Getting SQLException when writing dataset having string columns to teradata - apache-spark

I am getting below given error when trying to write dataset from spark to teradata while having some string data in dataset:
2018-01-02 15:49:05 [pool-2-thread-2] ERROR c.i.i.t.spark2.algo.JDBCTableWriter:115 - Error in JDBC operation:
java.sql.SQLException: [Teradata Database] [TeraJDBC 15.00.00.20] [Error 3706] [SQLState 42000] Syntax error: Data Type "TEXT" does not match a Defined Type name.
at com.teradata.jdbc.jdbc_4.util.ErrorFactory.makeDatabaseSQLException(ErrorFactory.java:308)
at com.teradata.jdbc.jdbc_4.statemachine.ReceiveInitSubState.action(ReceiveInitSubState.java:109)
at com.teradata.jdbc.jdbc_4.statemachine.StatementReceiveState.subStateMachine(StatementReceiveState.java:307)
at com.teradata.jdbc.jdbc_4.statemachine.StatementReceiveState.action(StatementReceiveState.java:196)
at com.teradata.jdbc.jdbc_4.statemachine.StatementController.runBody(StatementController.java:123)
at com.teradata.jdbc.jdbc_4.statemachine.StatementController.run(StatementController.java:114)
at com.teradata.jdbc.jdbc_4.TDStatement.executeStatement(TDStatement.java:385)
at com.teradata.jdbc.jdbc_4.TDStatement.doNonPrepExecuteUpdate(TDStatement.java:602)
at com.teradata.jdbc.jdbc_4.TDStatement.executeUpdate(TDStatement.java:1109)
at org.apache.spark.sql.execution.datasources.jdbc.JdbcUtils$.createTable(JdbcUtils.scala:805)
at org.apache.spark.sql.execution.datasources.jdbc.JdbcRelationProvider.createRelation(JdbcRelationProvider.scala:90)
at org.apache.spark.sql.execution.datasources.DataSource.write(DataSource.scala:472)
at org.apache.spark.sql.execution.datasources.SaveIntoDataSourceCommand.run(SaveIntoDataSourceCommand.scala:48)
at org.apache.spark.sql.execution.command.ExecutedCommandExec.sideEffectResult$lzycompute(commands.scala:58)
at org.apache.spark.sql.execution.command.ExecutedCommandExec.sideEffectResult(commands.scala:56)
at org.apache.spark.sql.execution.command.ExecutedCommandExec.doExecute(commands.scala:74)
at org.apache.spark.sql.execution.SparkPlan$$anonfun$execute$1.apply(SparkPlan.scala:117)
at org.apache.spark.sql.execution.SparkPlan$$anonfun$execute$1.apply(SparkPlan.scala:117)
at org.apache.spark.sql.execution.SparkPlan$$anonfun$executeQuery$1.apply(SparkPlan.scala:138)
at org.apache.spark.rdd.RDDOperationScope$.withScope(RDDOperationScope.scala:151)
at org.apache.spark.sql.execution.SparkPlan.executeQuery(SparkPlan.scala:135)
at org.apache.spark.sql.execution.SparkPlan.execute(SparkPlan.scala:116)
at org.apache.spark.sql.execution.QueryExecution.toRdd$lzycompute(QueryExecution.scala:92)
at org.apache.spark.sql.execution.QueryExecution.toRdd(QueryExecution.scala:92)
How can I ensure that the data gets properly written into teradata.
I am reading csv file from HDFS into dataset and then trying to write the same to Teradata using DataFrameWriter.

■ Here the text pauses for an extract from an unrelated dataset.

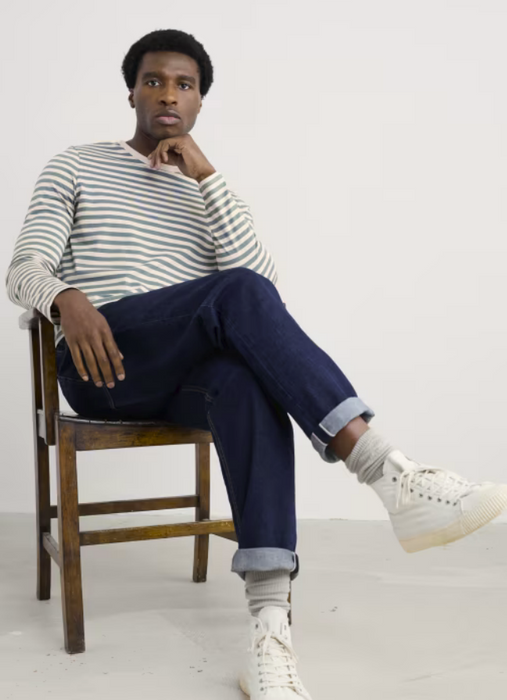 Seasalt Men's Crew Neck Sailor Shirt in GOTS-Certified Organic Cotton In Mini Cornish Cliff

I using below given code for this:
ds.write().mode("append")
.jdbc(url, tableName, props);
I am using spark 2.2.0 and Teradata is 15.00.00.07
I am getting somewhat similar issues when I tried writing in to Nettezza while in DB2 the I am able write but string values are getting replaced with .
Is there any kind of option required while writing to these databases..?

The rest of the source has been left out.